Whoa! The big block girdles from Chenoweth cost $450, so $279 for the Hughes small block girdle sounds like a pretty good deal. Add the ProGram caps with ARP studs and the machining as detailed by Moper and I think I'm set on the bottom end!

I'm pretty new here, but you guys have really been helpful. Cheers!
 
idea/question. if the whole engine and trubo project is to spendy then what if you just did the engine to the the needed specs of a trubo and then added the turbo later? is that not a realistic idea or am sounding really dumb right now?
 
No, you're not dumb, you're just asking a question. That's how we all learn.

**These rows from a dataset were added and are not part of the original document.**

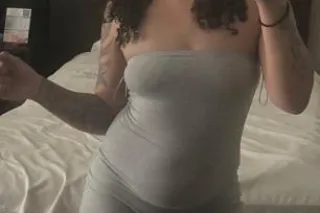 VISITING NOW 🎀🔥💕💕💕 - Image 6
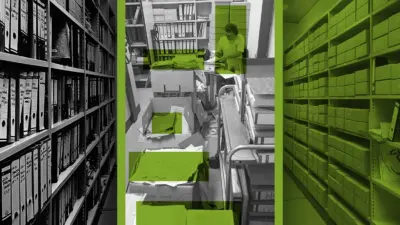 The Role of EMBO in Advancing Life Sciences Research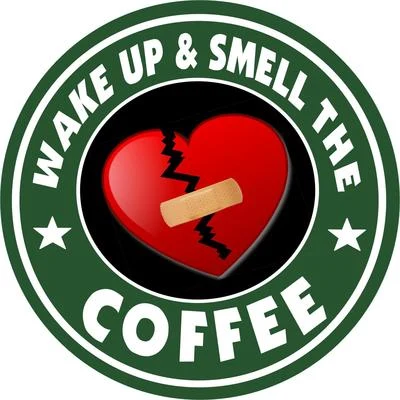 Full Force Presents "Wake Up And Smell The Coffee" The Single 專輯 Lisa Lisa/Full Force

The answer is that GoFish would not have much fun with a 8.0:1 or 8.5:1 engine without the turbo.
 
Jaxle, not a dumb question, but Ramcharger is right. I'm planning on 8.5:1 compression. I COULD add the turbo down the road, but the car would be a dog until I do. Luckily, I'm at a point in my life where the money is really not a problem. I don't want to throw money down the drain, mind you, but I'm more than willing to pay what's necessary to do this right. You only live once...
 
Luckily, I'm at a point in my life where the money is really not a problem. You only live once...


Need a brother? :)

Adam- I'm using Gary and Ken at Larry's Auto Machine in North Stoneington. Kenny was one of my guy for years, but he closed his shop last summer. That's where I bought the head equipment from taht you saw in my garage... So now I use Larry's. So far, two LA blocks and one 383 block and absolutley no issues. Plus, he's got in house computerized dyno cell and an SF600. He completely built Tom's (MOPARTS Tom, 800+hp) blower engine too. In fact, it's got my old gear drive on it...lol.